→ Problem to work on
Return nothing but the lines from the one with "Maynard's Restaurant Maynard's Restaurant" through the one with "ALD / New Balance Running Hat" in the data below, word for word and without pictures.

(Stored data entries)

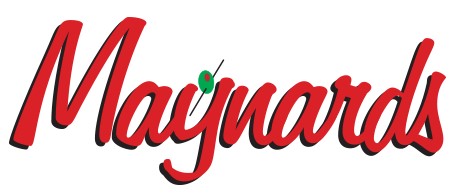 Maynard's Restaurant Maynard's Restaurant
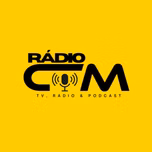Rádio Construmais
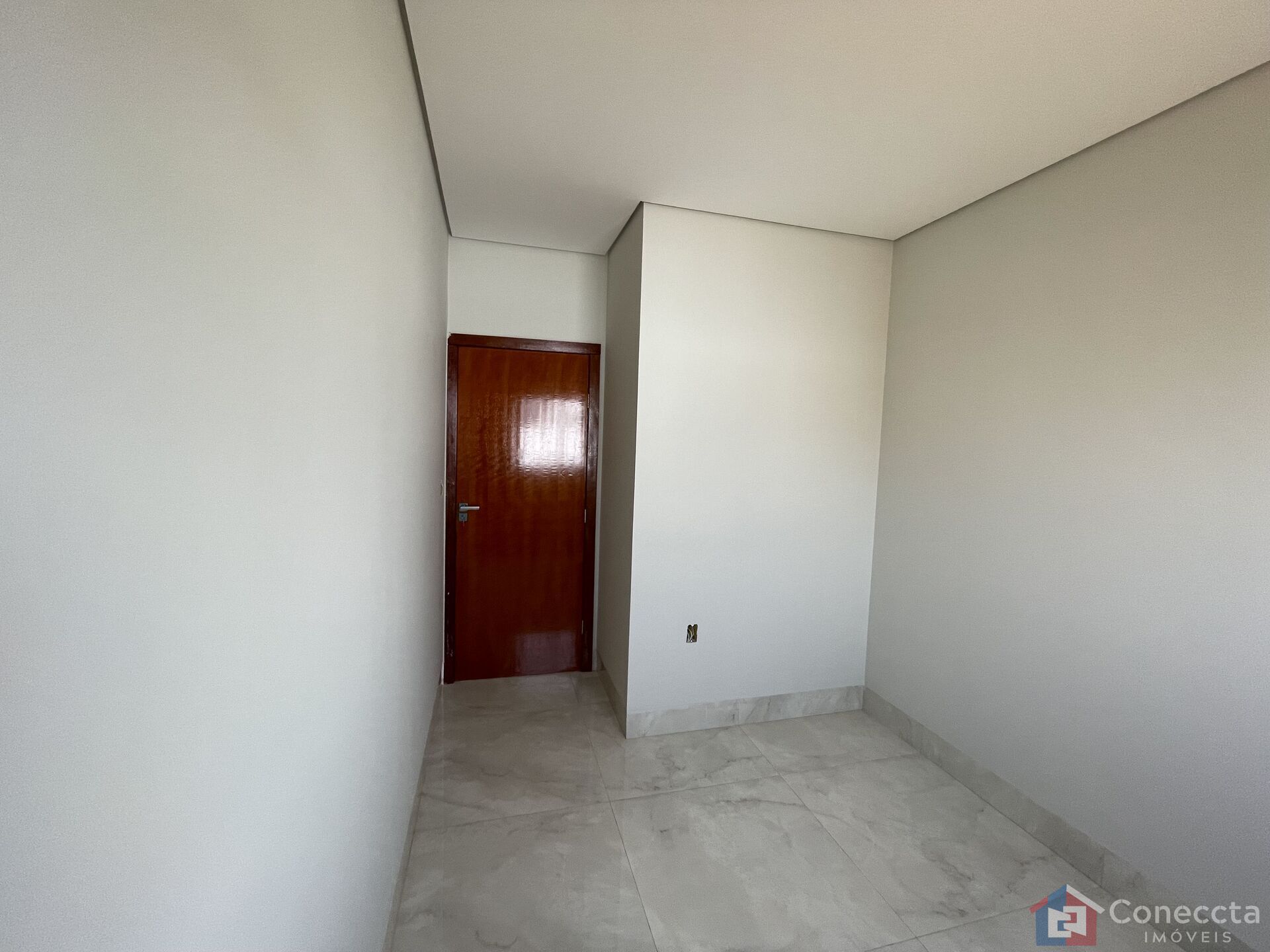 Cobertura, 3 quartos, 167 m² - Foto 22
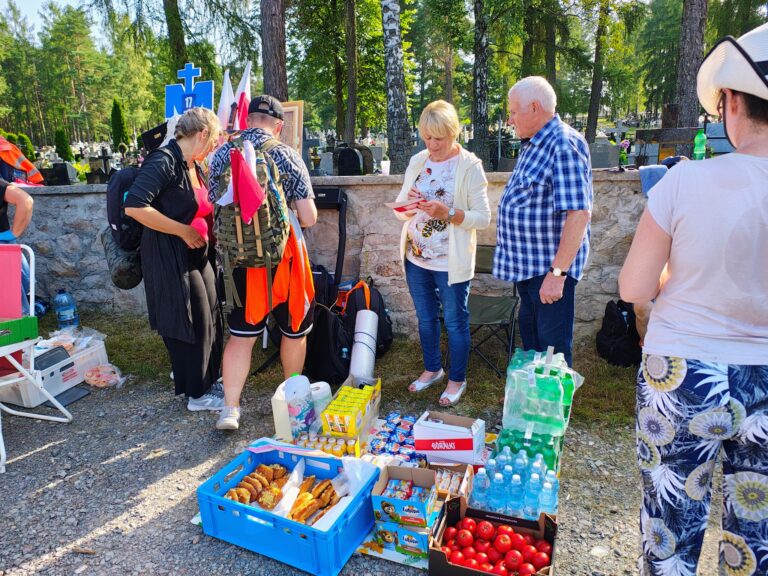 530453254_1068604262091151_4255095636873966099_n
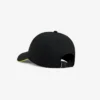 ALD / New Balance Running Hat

==

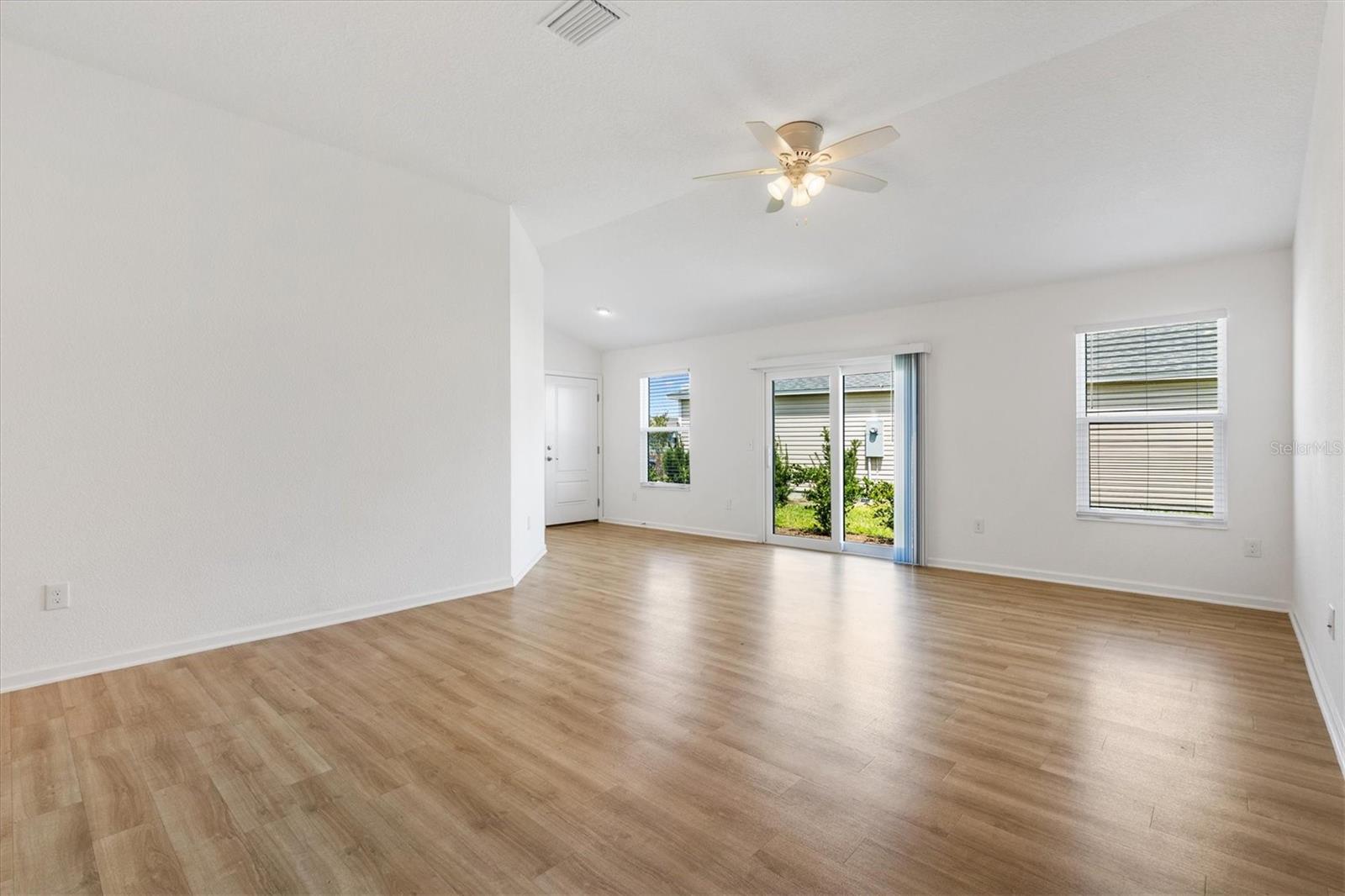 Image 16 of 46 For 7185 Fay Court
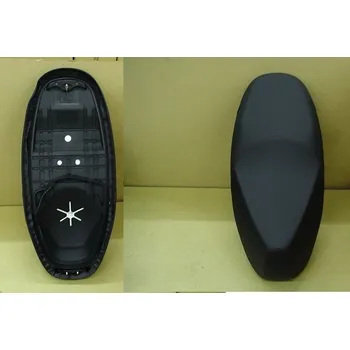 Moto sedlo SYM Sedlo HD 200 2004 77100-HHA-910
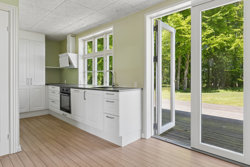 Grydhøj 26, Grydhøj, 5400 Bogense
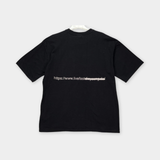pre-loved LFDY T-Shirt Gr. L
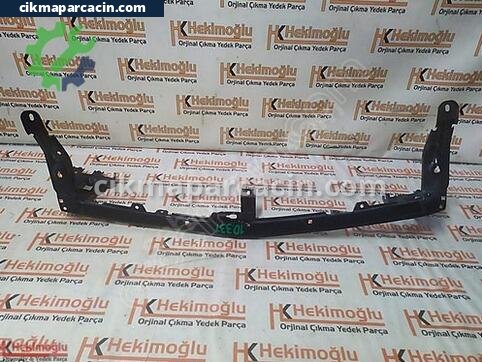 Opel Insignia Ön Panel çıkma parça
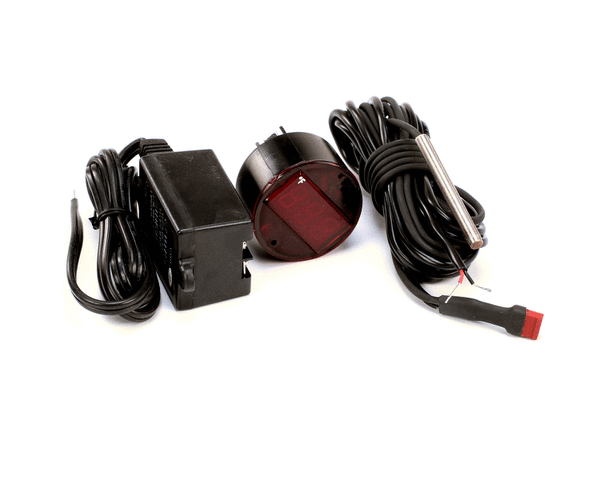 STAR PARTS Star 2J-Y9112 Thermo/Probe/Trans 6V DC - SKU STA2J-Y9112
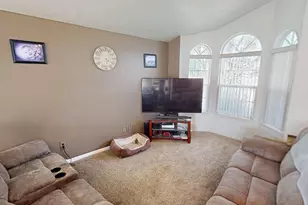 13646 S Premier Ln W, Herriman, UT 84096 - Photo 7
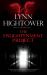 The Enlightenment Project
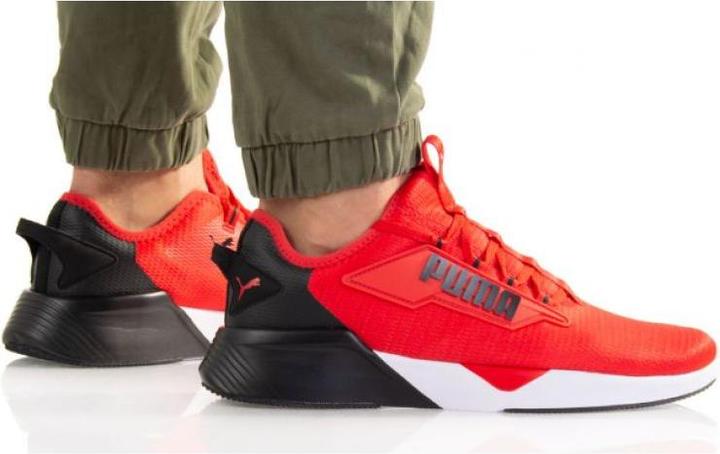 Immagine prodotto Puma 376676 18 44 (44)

→ Reply
 Maynard's Restaurant Maynard's Restaurant
Rádio Construmais
 Cobertura, 3 quartos, 167 m² - Foto 22
 530453254_1068604262091151_4255095636873966099_n
 ALD / New Balance Running Hat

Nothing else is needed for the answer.